World Series of Poker
- Bracelet: 1
- Final tables: 7
- Money finishes: 28
- Highest WSOP Main Event finish: 4th, 1994

World Poker Tour
- Title: None
- Final table: 1
- Money finish: 1

= Vince Burgio =

American poker player (born 1935)

Vincent Burgio (born c. 1940) is an American professional poker player and writer. A member of the Senior Poker Hall of Fame, he was a columnist for Card Player Magazine and is the author of Pizza, Pasta and Poker and Inside Poker: The Good, the Bad and the Ugly. He is based in West Hills, California.

== Early life and education ==
Born in Kansas City, Missouri, Burgio first learned to play poker at the age of eight, playing penny ante with his family at Christmas. He is a graduate of the University of Missouri, and moved to California in 1976.

== Poker career ==
In 1987, Burgio sold his construction business to focus on playing in poker tournaments full-time.

Burgio came to note as the winner of best all-around player award at the 1992 Queens Poker Classic.

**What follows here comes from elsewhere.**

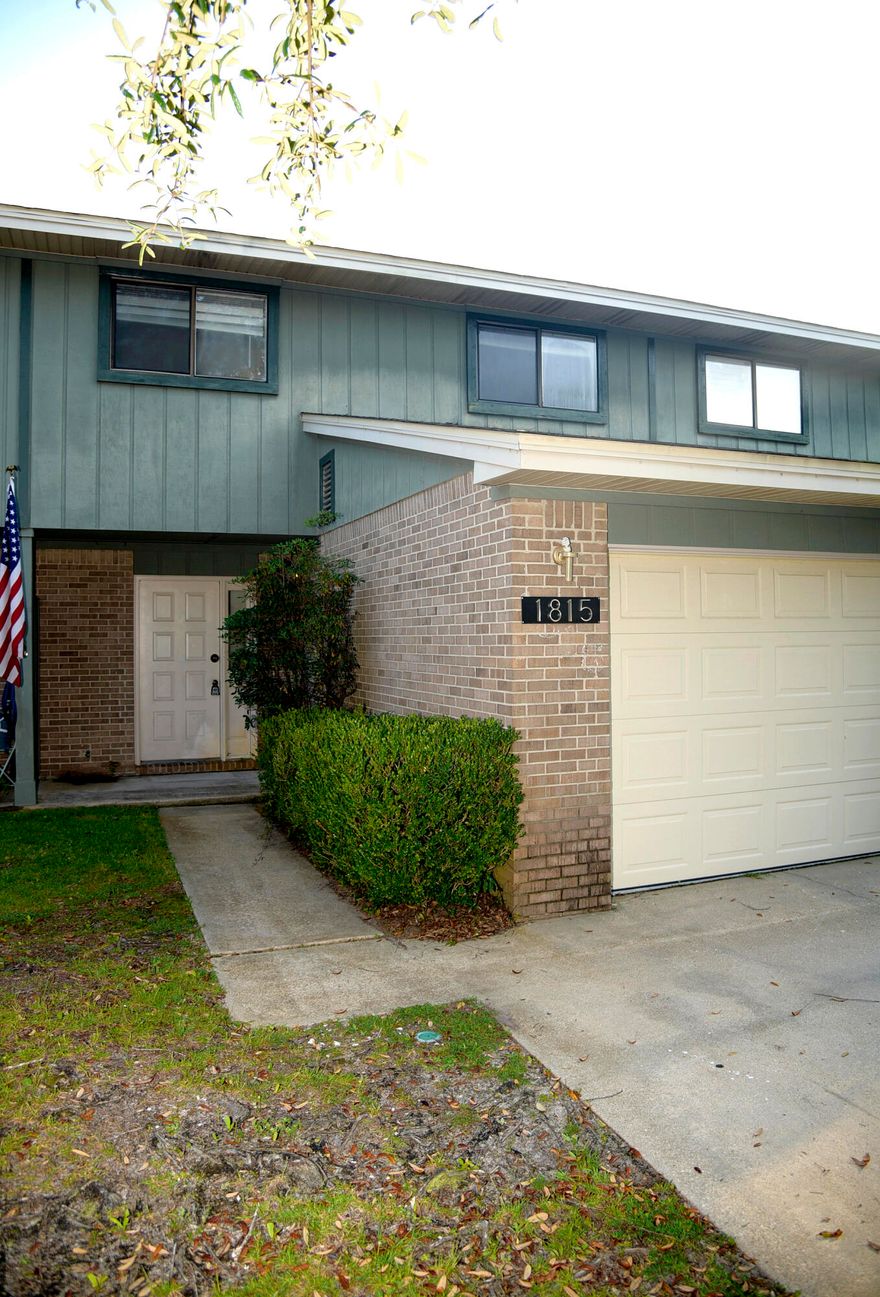 BRING YOUR BOAT!! This unique town home has a  dedicated boat slip on the protected deep water of Rocky Bayou. It's a bright and fresh home with newer carpet, refrigerator and stove. The comfortable floor plan features a great room with corner stone fireplace, dining area, and kitchen. Sliding glass doors lead to the patio, common area and dock. All bedrooms are upstairs  with the master having a bayou ''glimpse'' and a walk-in closet. The dock master assigns the docks based on boat size. They are not deeded to an individual unit.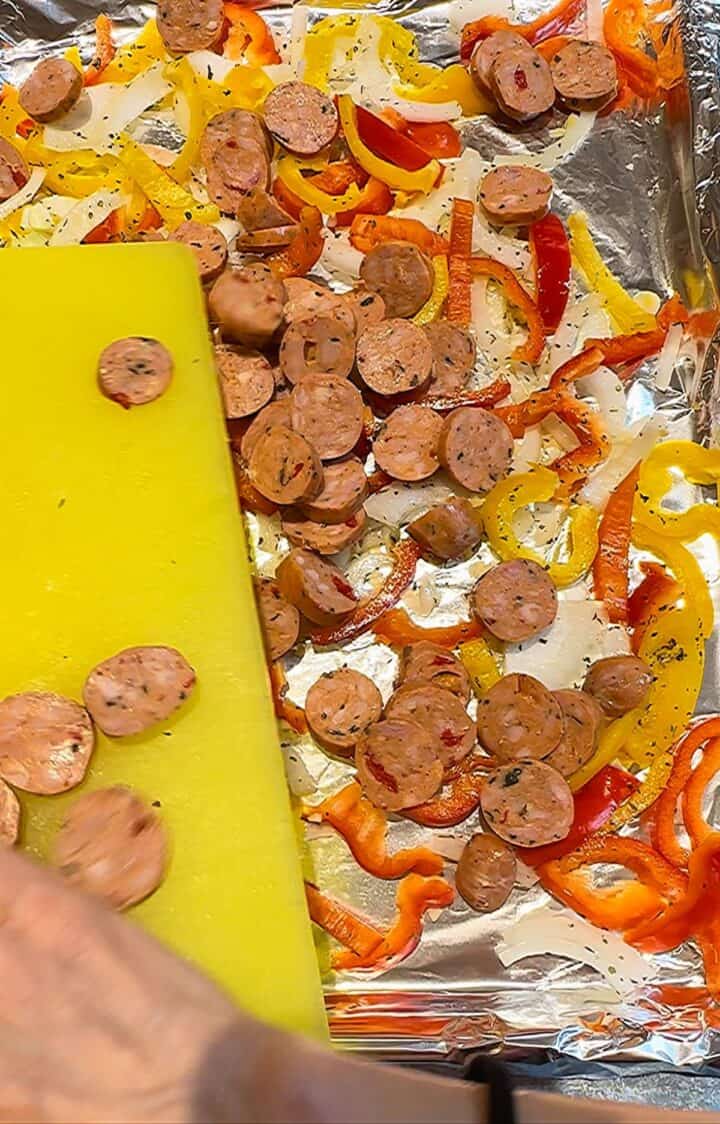 Adding sliced rounds of sausage to a sheet pan that contains strips of yellow and red peppers and sliced onion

By 1994, he held four titles from the classic, plus an Ace-to-Draw title from the Poker Hall of Fame.

Burgio won his first World Series of Poker in 1994, defeating 211 opponents for the title. He won a WSOP bracelet in the Seven-Card Stud Hi-Lo event, defeating a final table including both Howard "The Professor" Lederer and Jay Heimowitz. Burgio also made the final table of the $10,000 no limit hold'em main event that year, finishing in 4th place. He also finished in the money of the Main Event in 1998.

Burgio has made one World Poker Tour (WPT) final table, finishing 5th in the first season Gold Rush event won by Paul Darden.

Burgio has also competed in numerous events of the Ultimate Poker Challenge and has won two events.

As of 2025, his total live tournament winnings exceed $2,200,000.

== Writing career ==
Burgio wrote a regular column for CardPlayer Magazine. He was called "The Andy Rooney of Poker" for his coverage of "quirky" human interest stories.

He has authored his autobiography entitled Pizza, Pasta and Poker: The Private & Public Life of a Professional Poker Player.

== Personal life ==
His wife, Debbie Burgio, supported his decision to become a full-time poker player. He has four grown daughters.